In [None]:
# Install required packages
!pip install -q google-genai pandas openpyxl ipywidgets

# Import necessary libraries
import os
import time
import logging
import shutil
import re
from pathlib import Path
from google.colab import files
import ipywidgets as widgets
from IPython.display import display, HTML, clear_output
from google import genai
from google.genai import types
import pandas as pd

# ============================================
# CREATE FOLDER STRUCTURE
# ============================================

# Define folder paths
FOLDERS = {
    'txt_input': 'txt_input',
    'excel_input': 'excel_input',
    'results': 'results',
    'prompts': 'prompts',
    'log': 'logs'
}

# Create all folders
for folder_name, folder_path in FOLDERS.items():
    os.makedirs(folder_path, exist_ok=True)

# ============================================
# CREATE PROMPT FILES
# ============================================

PROMPT_CONTENT = {
    "summary_prompt.md": """# Summary and Keywords Generation Prompt

Generate a concise summary of the following text in a few sentences, followed by a list of relevant keywords.

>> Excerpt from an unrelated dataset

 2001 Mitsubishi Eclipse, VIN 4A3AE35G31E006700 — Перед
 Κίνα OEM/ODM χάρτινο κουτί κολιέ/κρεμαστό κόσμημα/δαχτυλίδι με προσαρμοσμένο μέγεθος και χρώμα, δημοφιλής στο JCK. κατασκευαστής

The summary should allow users to quickly understand the main content.

## Instructions:
- Summary: A few concise sentences clearly identifying the main content
- Keywords: 5-10 relevant keywords or key phrases that capture the main topics and themes
- No introduction or additional commentary
- No markdown formatting in the output

## Response Format:
First provide the summary, then on a new line add "Keywords:" followed by the comma-separated keywords.

Example format:
[Your summary text here in a few sentences]

Keywords: keyword1, keyword2, keyword3, keyword4, keyword5

---

**Text:**
{text}
"""
}

# Write prompt files to disk
for filename, content in PROMPT_CONTENT.items():
    filepath = os.path.join(FOLDERS['prompts'], filename)
    with open(filepath, 'w', encoding='utf-8') as f:
        f.write(content)

print("‚úÖ Setup complete!")
print()
print("üìÅ Folder structure created:")
print("   ‚îú‚îÄ‚îÄ üìÇ txt_input/        ‚Üê Upload .txt files here")
print("   ‚îú‚îÄ‚îÄ üìÇ excel_input/      ‚Üê Upload .xlsx files here")
print("   ‚îú‚îÄ‚îÄ üìÇ results/          ‚Üê Output summaries saved here")
print("   ‚îú‚îÄ‚îÄ üìÇ prompts/          ‚Üê System prompts")
print("   ‚îÇ   ‚îî‚îÄ‚îÄ summary_prompt.md")
print("   ‚îî‚îÄ‚îÄ üìÇ logs/             ‚Üê Processing logs")

## Step 2: Enter Your API Key üîë

Enter your Google Gemini API key below. 

**Don't have one?** Get it free at: https://aistudio.google.com/app/api-keys

Your API key is entered securely (hidden like a password).

In [None]:
# Create a secure password field for the API key
api_key_input = widgets.Password(
    placeholder='Paste your API key here',
    description='API Key:',
    layout=widgets.Layout(width='500px'),
    style={'description_width': '80px'}
)

api_key_status = widgets.HTML(value="")

def validate_api_key(change):
    if len(change['new']) > 20:
        api_key_status.value = "<span style='color: green;'>‚úÖ API key entered</span>"
    else:
        api_key_status.value = "<span style='color: orange;'>‚è≥ Please enter your full API key</span>"

api_key_input.observe(validate_api_key, names='value')

display(HTML("<b>Enter your Gemini API key:</b>"))
display(api_key_input)
display(api_key_status)
display(HTML("<br><i>üí° Tip: Your key starts with 'AIza...'</i>"))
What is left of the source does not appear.